Dynamo stores your data on one node. That node dies. Is the data gone? Obviously not -- Dynamo replicates everything. But how it replicates, and what it does when replicas are down, is where the interesting design decisions live.

Think first
Dynamo needs to replicate data across multiple nodes for fault tolerance. Should the coordinator wait for ALL replicas to confirm before acknowledging the write to the client? What are the trade-offs?

Optimistic replication

Dynamo replicates each data item on N nodes (where N is the configurable replication factor). Here's the process:

  1. A key is hashed to determine its coordinator node (the first node clockwise on the ring)
  2. The coordinator stores the data locally
  3. The coordinator replicates the data to the next N-1 clockwise nodes on the ring

This replication happens asynchronously -- the coordinator doesn't wait for all replicas to confirm before acknowledging the write. This is called optimistic replication: replicas are not guaranteed to be identical at all times, but they'll converge eventually.

Replication factor

The replication factor (N) is the number of nodes that store copies of each data item. With N=3, every piece of data exists on 3 different nodes. If one node fails, two others still have the data.

Preference list

For each key, Dynamo maintains a preference list -- the ordered list of nodes that should store replicas of that key. The preference list is determined by the consistent hashing ring, but with an important detail: it skips virtual nodes that map to the same physical node. This ensures replicas actually land on different physical machines.
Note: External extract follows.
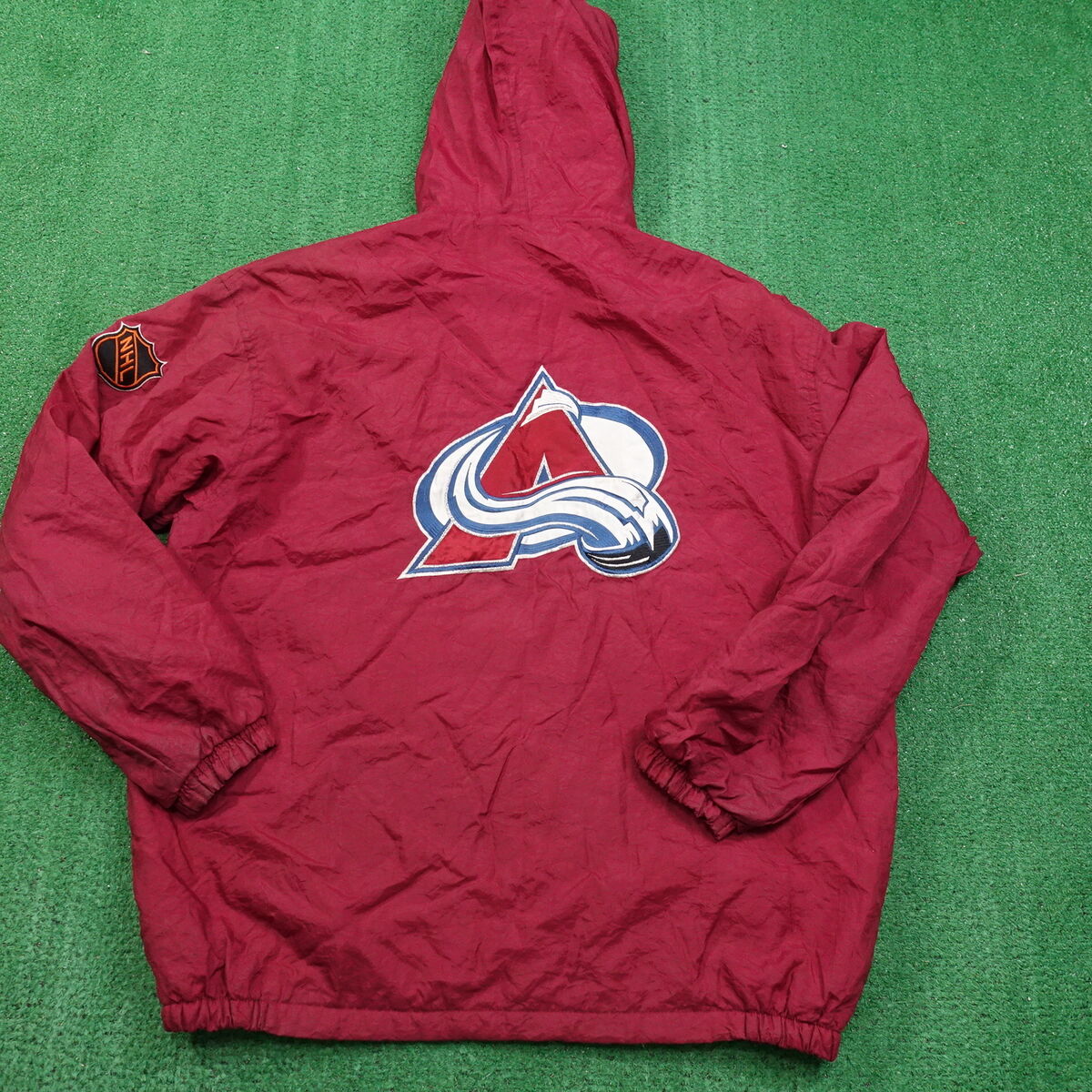 Starter Colorado Avalanche Jacket NHL Fan Apparel Starter Colorado Avalanche Jacket NHL Fan Apparel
Every node in Dynamo can independently compute the preference list for any key (since every node has a copy of the ring topology via gossip). This means any node can coordinate any request -- no central routing needed.

Think first
The preference list determines which N nodes store replicas of a key. But with virtual nodes, consecutive positions on the ring might map to the same physical node. Why is this a problem, and how should the preference list handle it?

Sloppy quorum: handling temporary failures

Here's where Dynamo diverges from traditional quorum systems. In a strict quorum, writes must go to the key's designated replica nodes. If one is down, the write fails (or blocks).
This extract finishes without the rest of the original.